Aklâm-ı sittenin ana üslûplarından sayılan tevki‘ kaleminin kâtib ve şa’ir Yusuf Lakve tarafından sülüs yazıdan geliştirildiği bilinmektedir. Kelime anlamı ile “alâmet, nişan, tuğra, padişah tuğrasını taşıyan ferman” anlamına gelen tevki‘ hat san‘atında daha ziyade sultanlara ait belgelerde kullanılmıştır. Nitekim Abbâsî Halifesi Me’mûn’un vezirlerinden Fazl bin Sehl’in çok beğendiği bu yazıya “er-riyâsî” adını verdiği ve divandan çıkan ferman ve mektupların bununla yazılmasını emretmiştir.
Bundan sonraki dönemde de önemini sürdürmüş olan tevki’ hattı bilhassa İbn-i Mukle kardeşler tarafından hayli rağbet görmüş ve bir san‘at yazısı olarak geliştirilmesine sarf-ı gayret edilmişse de, klasik formuna İbn-i Bevvâb’ın ve “İbnü’l-Hâzin” diye bilinen Ebül-Fazl Ahmed bin Muhammed ed-Dîneverî elinde kavuşmuştur.
Onun belirlemiş olduğu kaideler çerçevesinde girdiği Osmanlı çevresinde özellikle divandan çıkarılan yazılarda kullanılan tevki’ hattı, Fatih devrinde divani hattının geliştirilmesi üzerine terkedilmiştir. Aklam-ı sitte grubu içinde yer aldığından hattatların repertuarında geniş bir yer bulmuşsa da, bilhassa Şeyh Hamdullah’ın gayretiyle tekemmül eyleyen sülüs ve nesihin ön plana çıkması ile mushafların sûre başlarında, âyet sayısı ve nâzil olduğu yeri belirten kısımlarda ve hat albümlerinde sınırlı olarak yer almıştır.
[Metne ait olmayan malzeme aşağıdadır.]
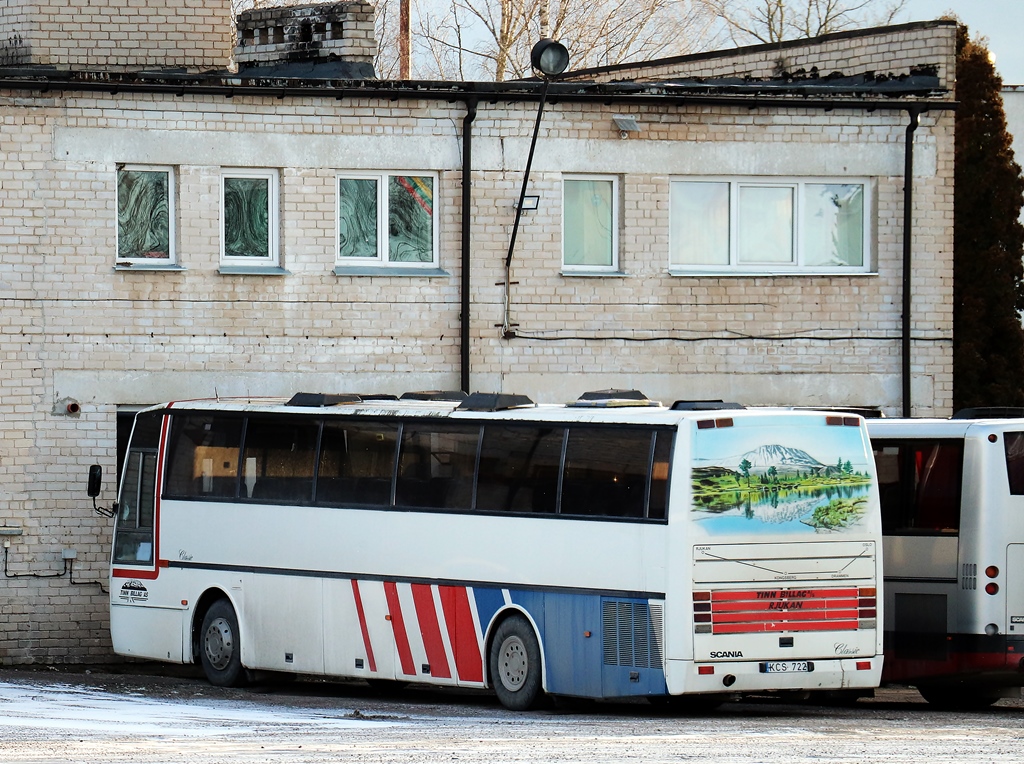 Lithuania, Ajokki Classic # KCS 722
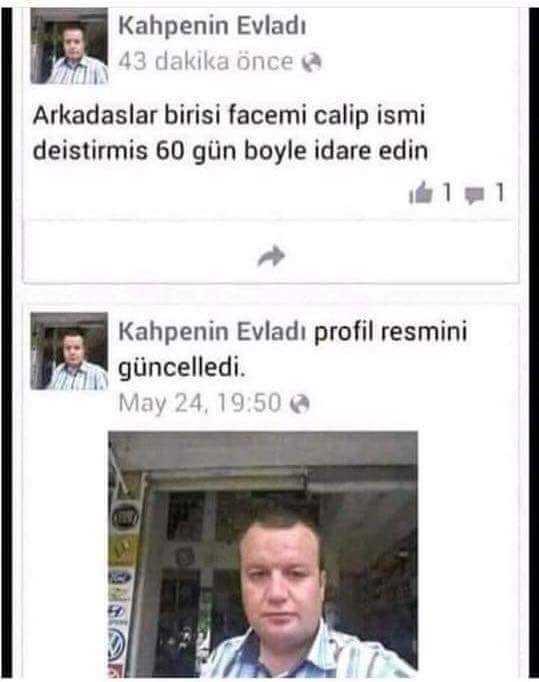 Sizin de hesabınız çalınsa ne yapardınız?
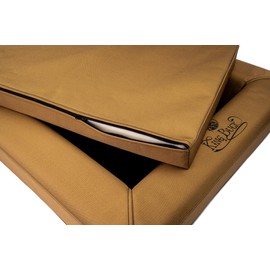 King Buck OrthoPedic After-Hunt Dog Bed, Bronze, M/L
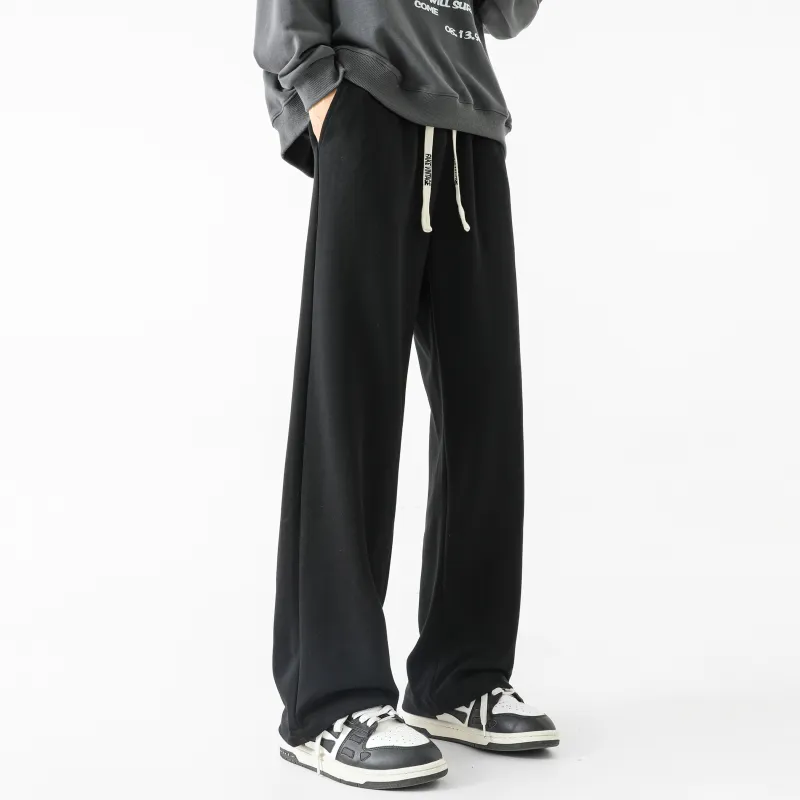 FAKE VINTAGE Knitted Sports Pants Unisex-2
Bilahare “kalemü’t-tevki’ât” denilen bu yazının kalem ağzı sülüs kalemi kadar olmakla beraber, harflerin boyları sülüse göre daha küçük, çanakları ve küpleri daha yuvarlak ve küçüktür. Harflerinin yarısı düz, yarısı yuvarlak hatlardan oluşurken, bitişmeyen harfler birbirine yaklaşıp ilişerek bitiştirilirler. Ayrıca yazı satır çizgisinin bitimine doğru divanide olduğu gibi yükselir. Ortada yazılan ayın, fâ, kāf ve mîm harflerinin düğümü genelde açık olmakla beraber bazı yazılarda silindiklerine tesadüf edilmektedir.